Review of Cyborg

Cyborg (1989)
3/10
-ouch-
30 April 2001
Okay, before I even delve into the horrors of this film, I'd just like to know what the heck is with Kitty Chalmers obsession with guitars?? Couldn't she come up with some more original names? Gibson Rickenbacker, Fender Tremolo, Marshall Strat, Roland Pick...GIVE ME A BREAK!!

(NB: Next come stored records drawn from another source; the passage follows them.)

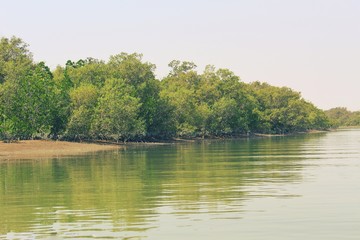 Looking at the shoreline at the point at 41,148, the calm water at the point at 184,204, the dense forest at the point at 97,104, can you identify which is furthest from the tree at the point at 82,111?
the calm water at the point at 184,204

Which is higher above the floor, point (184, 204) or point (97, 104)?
point (97, 104)

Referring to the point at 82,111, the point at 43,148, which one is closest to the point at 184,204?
the point at 43,148

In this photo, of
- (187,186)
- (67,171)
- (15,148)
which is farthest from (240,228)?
(15,148)

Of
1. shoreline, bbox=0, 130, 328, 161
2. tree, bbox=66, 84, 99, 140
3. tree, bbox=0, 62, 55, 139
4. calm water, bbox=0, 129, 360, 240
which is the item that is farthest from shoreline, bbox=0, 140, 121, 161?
calm water, bbox=0, 129, 360, 240

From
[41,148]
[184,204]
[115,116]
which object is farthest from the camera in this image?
[115,116]

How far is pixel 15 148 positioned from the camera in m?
89.1

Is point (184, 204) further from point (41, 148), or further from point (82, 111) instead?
point (82, 111)

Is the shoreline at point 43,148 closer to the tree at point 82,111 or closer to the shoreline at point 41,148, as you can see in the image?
the shoreline at point 41,148

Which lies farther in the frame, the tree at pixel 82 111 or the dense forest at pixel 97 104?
the tree at pixel 82 111

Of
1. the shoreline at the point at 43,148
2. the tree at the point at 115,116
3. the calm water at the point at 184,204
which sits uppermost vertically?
the tree at the point at 115,116

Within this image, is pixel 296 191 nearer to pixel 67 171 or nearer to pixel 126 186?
pixel 126 186

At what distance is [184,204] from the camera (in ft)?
95.7

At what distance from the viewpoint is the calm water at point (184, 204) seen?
881 inches

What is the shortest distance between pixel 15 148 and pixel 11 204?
5962 centimetres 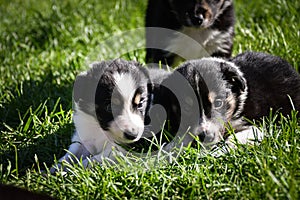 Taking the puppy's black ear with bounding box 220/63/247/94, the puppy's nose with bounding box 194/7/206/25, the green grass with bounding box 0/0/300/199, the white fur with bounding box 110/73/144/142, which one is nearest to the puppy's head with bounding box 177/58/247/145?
the puppy's black ear with bounding box 220/63/247/94

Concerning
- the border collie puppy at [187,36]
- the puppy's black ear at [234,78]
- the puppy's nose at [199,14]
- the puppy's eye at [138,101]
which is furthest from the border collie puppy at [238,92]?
the border collie puppy at [187,36]

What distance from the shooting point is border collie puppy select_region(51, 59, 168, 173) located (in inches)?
149

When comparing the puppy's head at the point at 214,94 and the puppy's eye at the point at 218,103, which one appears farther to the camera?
the puppy's eye at the point at 218,103

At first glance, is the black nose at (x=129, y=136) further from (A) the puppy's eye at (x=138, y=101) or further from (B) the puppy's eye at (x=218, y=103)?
(B) the puppy's eye at (x=218, y=103)

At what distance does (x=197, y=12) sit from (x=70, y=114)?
1.49m

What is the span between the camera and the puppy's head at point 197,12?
5043 millimetres

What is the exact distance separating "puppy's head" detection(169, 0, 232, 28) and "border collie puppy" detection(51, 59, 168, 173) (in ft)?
3.59

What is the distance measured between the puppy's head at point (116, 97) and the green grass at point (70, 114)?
32cm

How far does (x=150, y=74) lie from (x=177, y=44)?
111 centimetres

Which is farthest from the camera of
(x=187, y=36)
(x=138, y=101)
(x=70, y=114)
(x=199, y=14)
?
(x=187, y=36)

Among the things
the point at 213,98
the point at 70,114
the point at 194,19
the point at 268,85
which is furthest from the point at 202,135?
the point at 194,19

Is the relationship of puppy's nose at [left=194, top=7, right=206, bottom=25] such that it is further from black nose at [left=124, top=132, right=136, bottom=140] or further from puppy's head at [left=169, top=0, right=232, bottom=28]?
black nose at [left=124, top=132, right=136, bottom=140]

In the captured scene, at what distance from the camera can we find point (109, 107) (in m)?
3.83

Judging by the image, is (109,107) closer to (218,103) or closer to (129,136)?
(129,136) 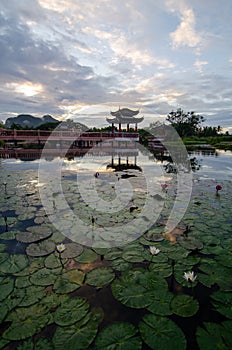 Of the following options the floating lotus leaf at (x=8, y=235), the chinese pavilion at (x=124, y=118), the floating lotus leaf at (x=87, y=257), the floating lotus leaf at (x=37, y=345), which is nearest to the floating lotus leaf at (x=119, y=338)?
the floating lotus leaf at (x=37, y=345)

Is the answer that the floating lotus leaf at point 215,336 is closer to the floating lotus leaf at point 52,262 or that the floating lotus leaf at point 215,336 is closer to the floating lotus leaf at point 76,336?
the floating lotus leaf at point 76,336

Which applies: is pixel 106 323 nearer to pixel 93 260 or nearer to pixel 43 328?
pixel 43 328

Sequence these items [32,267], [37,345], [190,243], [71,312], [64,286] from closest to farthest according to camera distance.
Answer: [37,345]
[71,312]
[64,286]
[32,267]
[190,243]

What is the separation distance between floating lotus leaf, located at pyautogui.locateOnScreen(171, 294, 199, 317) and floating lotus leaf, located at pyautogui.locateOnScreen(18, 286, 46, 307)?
140 cm

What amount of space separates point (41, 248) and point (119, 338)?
1842 millimetres

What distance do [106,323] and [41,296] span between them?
0.76 metres

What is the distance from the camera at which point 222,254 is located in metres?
2.89

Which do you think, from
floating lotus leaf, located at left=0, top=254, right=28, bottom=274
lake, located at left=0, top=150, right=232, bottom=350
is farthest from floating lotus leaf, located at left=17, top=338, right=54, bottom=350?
floating lotus leaf, located at left=0, top=254, right=28, bottom=274

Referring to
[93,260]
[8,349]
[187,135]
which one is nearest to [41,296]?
[8,349]

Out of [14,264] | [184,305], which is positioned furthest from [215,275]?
[14,264]

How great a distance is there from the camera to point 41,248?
303 centimetres

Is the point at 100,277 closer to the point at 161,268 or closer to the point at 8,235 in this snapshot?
the point at 161,268

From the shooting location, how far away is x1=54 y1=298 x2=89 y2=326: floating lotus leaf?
5.91 feet

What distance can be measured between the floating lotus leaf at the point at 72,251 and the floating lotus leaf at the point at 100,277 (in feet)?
1.61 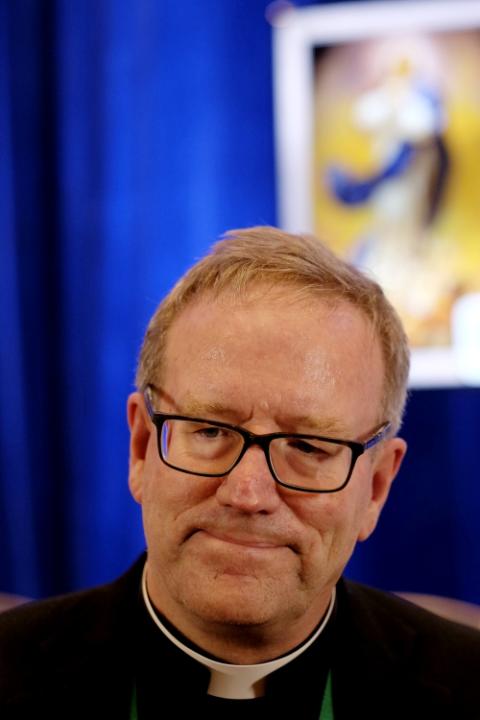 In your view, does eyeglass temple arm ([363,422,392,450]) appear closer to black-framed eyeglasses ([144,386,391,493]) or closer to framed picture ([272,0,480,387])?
black-framed eyeglasses ([144,386,391,493])

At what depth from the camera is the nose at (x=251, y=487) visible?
4.42ft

Okay, now that that's out of the way, this film is pure cheeze. Non-stop cheddar from beginning to end. The thinnest of plots, the background is so shallow you need a helmet to wade through it...and the acting is *horrible*!! Not that I expected much from a Van Damme film, but COME ON!!! Vincent Klyn can barely put two syllables together! It amazes me that he could even get through his lines! (And what's with that outfit? The sunglasses were bigger than his head (nice contacts, btw...) and that chain (?) mail was odd-looking...

Anyways, the plot is cheezy, the acting's horrid, the effects are worse (even for 1989!), the costumes look like they were from the Mad Max rejection pile...in fact, this entire film is like one giant Mad Max outtake!

Overall: I can't believe I actually ever almost liked this film (I saw it in the theater in '89 and thought it was fairly good). If you want to see Van Damme that's even *close* to worth watching, skip this one and rent Hard Target (GO JOHN WOO!!), Kickboxer or Bloodsport. 3/10.